An international research effort has lead to the successful creation of the first Bose-Einstein condensate (BEC) in space.
Bose-Einstein condensates are a pretty exotic kind of matter. They're created by chilling atoms of low-density gases to almost as low as temperature will go. In the frigid expanses of near-absolute-zero, the atoms bunch up to create a very dense quantum state.
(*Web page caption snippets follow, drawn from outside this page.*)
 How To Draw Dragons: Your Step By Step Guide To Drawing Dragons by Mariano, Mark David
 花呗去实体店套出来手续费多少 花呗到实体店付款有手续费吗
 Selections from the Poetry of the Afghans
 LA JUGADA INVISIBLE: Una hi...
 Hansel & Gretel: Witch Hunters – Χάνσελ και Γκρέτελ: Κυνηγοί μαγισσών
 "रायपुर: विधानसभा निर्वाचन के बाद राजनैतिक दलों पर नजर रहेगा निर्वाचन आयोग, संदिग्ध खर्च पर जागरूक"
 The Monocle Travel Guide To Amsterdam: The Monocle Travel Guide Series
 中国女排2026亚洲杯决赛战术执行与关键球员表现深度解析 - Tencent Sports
They're not just for show, either. Researchers are very interested in getting their (figurative) hands on BECs so they can run their tests and see exactly what these substances can do. The theory, at least, suggests that their weird state would make BECs ideal sensors for certain applications -- such as picking up on gravitational waves.
And now, the catch
It's almost impossible to synthesize BECs under normal conditions on Earth. Rather, it's next to impossible on any sizeable chunk of space rock; gravity interferes with the devices used to produce and study these condensates.
Our workaround so far was to strap all this (very expensive, mind you) gear onto towers and then drop it. Yep, straight down. This simulates a zero-gravity environment (gravity pulling down is canceled out by inertia pulling upwards) for a few split seconds, making the process viable during the fall. Needless to say, not very much can be achieved during this time, so researchers working with BECs have long pinned their eyes and hopes on an environment that's proudly gravity-free: outer space.
The U.S. is already hard at work in furbishing these scientists with the toys they need. Last May, NASA blasted a space-based BEC research platform called the Cold Atom Laboratory towards the International Space Station (ISS). However, the laboratory is yet to become fully operational.
So, in the meantime, a quite sizeable group of researchers from Europe and the U.S. have joined hands to launch a tiny, BEC-producing device to orbit. It also contained devices capable of running a host of experiments on the substance. This experiment functioned on the same principle as the tower-dropping ones, by using low-gravity and zero-gravity environments in space.
The device consisted of a capsule with, various electronics, a chip of rubidium-87 atoms, some lasers, and a power source. The team activated the device once the rocket hit an altitude of 243 km (150 miles). A stable BEC was produced in just 1.6 seconds, the authors report, and the device carried out 110 preprogrammed experiments in the six minutes before the rocket landed back to Earth.
This BEC marks the first ever substance of its kind produced in space, the team adds.
The paper "Space-borne Bose–Einstein condensation for precision interferometry" has been published in the journal Nature.